_WHAT YOU HAVE TO DO_.
Whatever lies between the line with "a small bathroom" and the end of the data, both included, must be copied exactly and without pictures.

_DATA PROVIDED_.
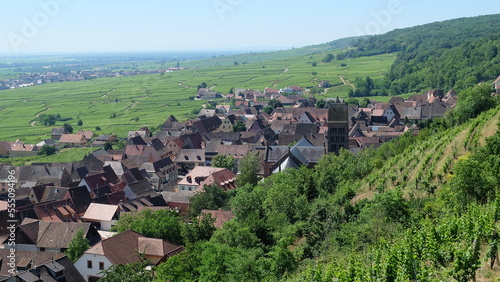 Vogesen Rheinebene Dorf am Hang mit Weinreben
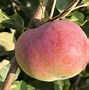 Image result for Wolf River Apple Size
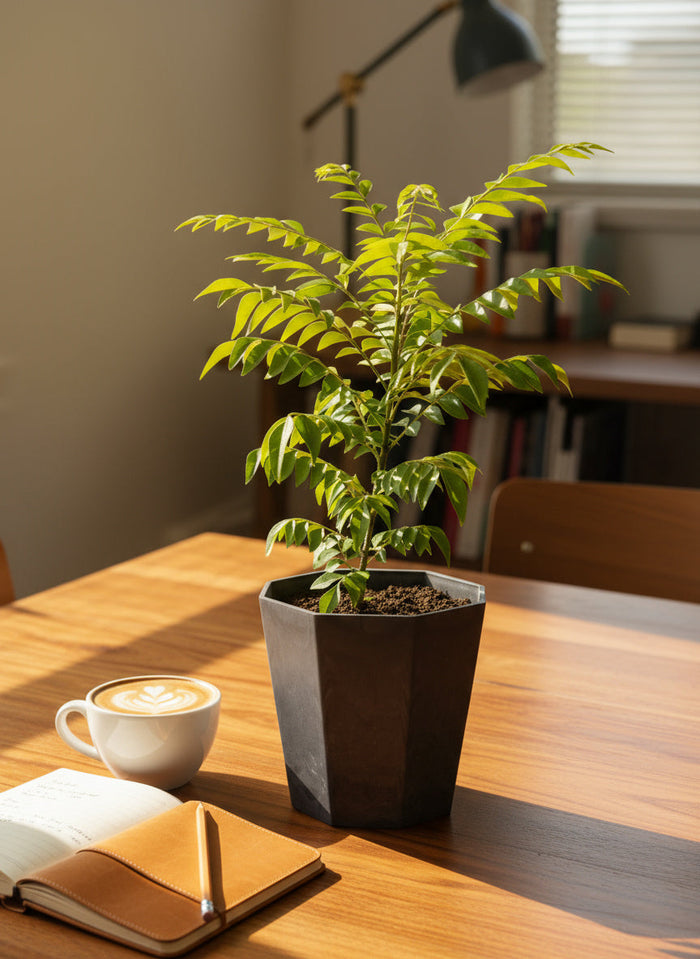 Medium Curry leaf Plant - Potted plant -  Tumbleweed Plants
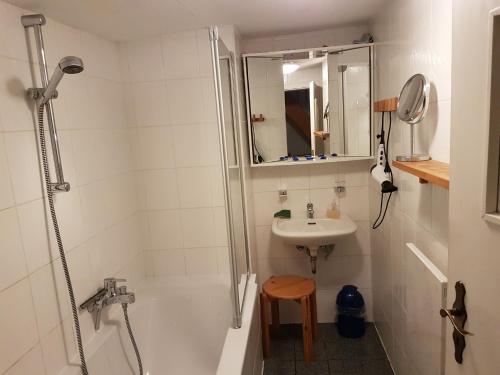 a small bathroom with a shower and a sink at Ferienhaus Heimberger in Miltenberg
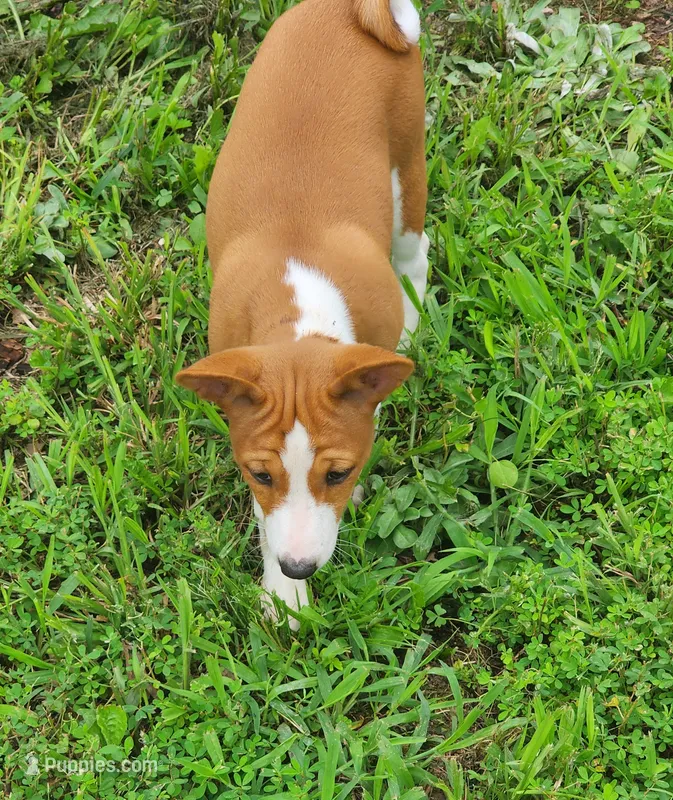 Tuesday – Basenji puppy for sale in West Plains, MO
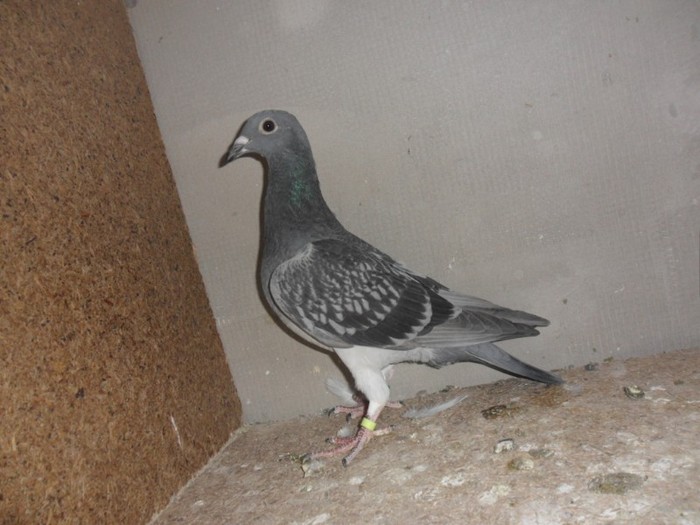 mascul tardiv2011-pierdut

_ANSWER TO THE EXERCISE_.
 a small bathroom with a shower and a sink at Ferienhaus Heimberger in Miltenberg
 Tuesday – Basenji puppy for sale in West Plains, MO
 mascul tardiv2011-pierdut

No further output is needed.